Originally Posted by popcorn_karate
or perhaps you missed that you would need a 180,000 gallon tank to run it for 1.5 hours each day of the month as you suggested?
Perhaps. From your BOE calculations, the 10k gallon tank delivers:
3.5 kW for 5 min - close enough for BOE for sure
3.5 kW x 5 min /60 min/hr = .2916667 kWh/day reflecting the energy recovered each time you run the upper tank through the generator.

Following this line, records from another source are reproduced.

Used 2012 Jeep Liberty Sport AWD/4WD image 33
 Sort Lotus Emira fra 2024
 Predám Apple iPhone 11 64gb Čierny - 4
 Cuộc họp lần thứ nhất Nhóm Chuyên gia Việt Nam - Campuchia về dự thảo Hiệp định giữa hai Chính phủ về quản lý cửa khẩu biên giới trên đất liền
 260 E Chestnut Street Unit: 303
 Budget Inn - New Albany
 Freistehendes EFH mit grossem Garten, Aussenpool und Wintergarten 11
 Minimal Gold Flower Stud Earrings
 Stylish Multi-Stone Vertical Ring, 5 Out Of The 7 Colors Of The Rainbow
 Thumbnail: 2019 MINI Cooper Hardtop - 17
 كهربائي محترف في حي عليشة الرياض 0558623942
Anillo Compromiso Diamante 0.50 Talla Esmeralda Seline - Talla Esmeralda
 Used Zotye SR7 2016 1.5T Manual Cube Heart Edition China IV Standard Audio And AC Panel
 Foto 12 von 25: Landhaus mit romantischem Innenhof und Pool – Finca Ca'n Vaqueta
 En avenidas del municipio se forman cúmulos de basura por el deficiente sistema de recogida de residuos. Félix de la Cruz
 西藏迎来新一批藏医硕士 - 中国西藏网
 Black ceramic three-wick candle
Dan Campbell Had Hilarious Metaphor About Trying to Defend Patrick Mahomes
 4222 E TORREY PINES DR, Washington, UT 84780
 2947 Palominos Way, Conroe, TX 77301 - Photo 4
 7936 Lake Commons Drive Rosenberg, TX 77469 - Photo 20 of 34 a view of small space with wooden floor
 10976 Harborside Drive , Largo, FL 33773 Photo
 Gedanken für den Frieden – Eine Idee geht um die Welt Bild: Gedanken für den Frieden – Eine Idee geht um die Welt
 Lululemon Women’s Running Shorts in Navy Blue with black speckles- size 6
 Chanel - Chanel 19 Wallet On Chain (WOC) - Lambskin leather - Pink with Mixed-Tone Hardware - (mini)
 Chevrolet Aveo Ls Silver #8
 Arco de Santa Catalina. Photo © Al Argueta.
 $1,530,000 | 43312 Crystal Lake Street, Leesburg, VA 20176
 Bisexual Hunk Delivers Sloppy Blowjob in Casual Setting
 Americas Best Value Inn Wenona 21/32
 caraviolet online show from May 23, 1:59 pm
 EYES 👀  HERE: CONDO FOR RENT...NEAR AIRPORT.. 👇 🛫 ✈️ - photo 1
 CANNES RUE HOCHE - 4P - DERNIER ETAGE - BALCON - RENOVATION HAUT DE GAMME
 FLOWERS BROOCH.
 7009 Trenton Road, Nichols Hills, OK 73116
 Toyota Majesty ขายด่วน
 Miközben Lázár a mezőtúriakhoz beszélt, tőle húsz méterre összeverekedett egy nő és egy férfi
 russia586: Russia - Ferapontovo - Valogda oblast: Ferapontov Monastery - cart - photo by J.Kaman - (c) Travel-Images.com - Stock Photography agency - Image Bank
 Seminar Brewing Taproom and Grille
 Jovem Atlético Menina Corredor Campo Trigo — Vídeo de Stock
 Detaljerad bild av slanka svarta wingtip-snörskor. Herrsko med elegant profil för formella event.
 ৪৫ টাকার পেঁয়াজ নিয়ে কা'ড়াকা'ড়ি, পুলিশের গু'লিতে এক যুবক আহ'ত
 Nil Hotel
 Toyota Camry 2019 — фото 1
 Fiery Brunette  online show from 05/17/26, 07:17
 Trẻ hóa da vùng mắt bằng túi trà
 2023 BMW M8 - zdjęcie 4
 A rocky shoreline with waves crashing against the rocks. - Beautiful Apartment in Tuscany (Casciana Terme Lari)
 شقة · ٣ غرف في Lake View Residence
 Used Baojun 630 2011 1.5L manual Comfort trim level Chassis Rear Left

.291666. kWh/day x 30 d/mo = 8.75 kWh/mo
for the 10k gallon tank you suggested. Perhaps you are referring to my suggestion that with a slightly greater head, and a larger water store one could easily envision a home system with a storage capacity in the neighborhood of 100 kWh/mo?
100/8.75 ~ 11.4
suggesting you need a bit more than an order of magnitude increase in head, gallons of storage, or some combination thereof. i.e gallons x N and head x P with N x P ~ 11.4 < the factor of 18 as you suggest. (i.e. 1.5 hours/day = 90 min at 5 cfs = 18 x 5 min) , presumably how you got to the 180k gallons figure). As I recall I suggested that a combination of a modest increase in head (20' vs. 15' gives a factor of 4/3, and a larger water store such as swimming pool size: 11.4 x 3/4 x 10k gallons ~ 85.5k gallons for example). Or bump the head up to 25 feet. So on.
Now my algebra and ability to click the right buttons on Microsoft's calculator are both always suspect so please feel free to expound in greater detail on what error I am making here. Lacking such, we could pretend to be physicists who, being within an octave let alone an order of magnitude, could consider ourselves to be in agreement that the technique seems applicable, but of questionable economic efficiency at the household scale outside of specific users with strong economic motivations and/or situations likely including topographic advantage in reducing implementation cost. On the other hand, a technique of such efficiency at larger scales that we are a rather sad and stupid bunch if we fail to use it collectively at the grid-level scale.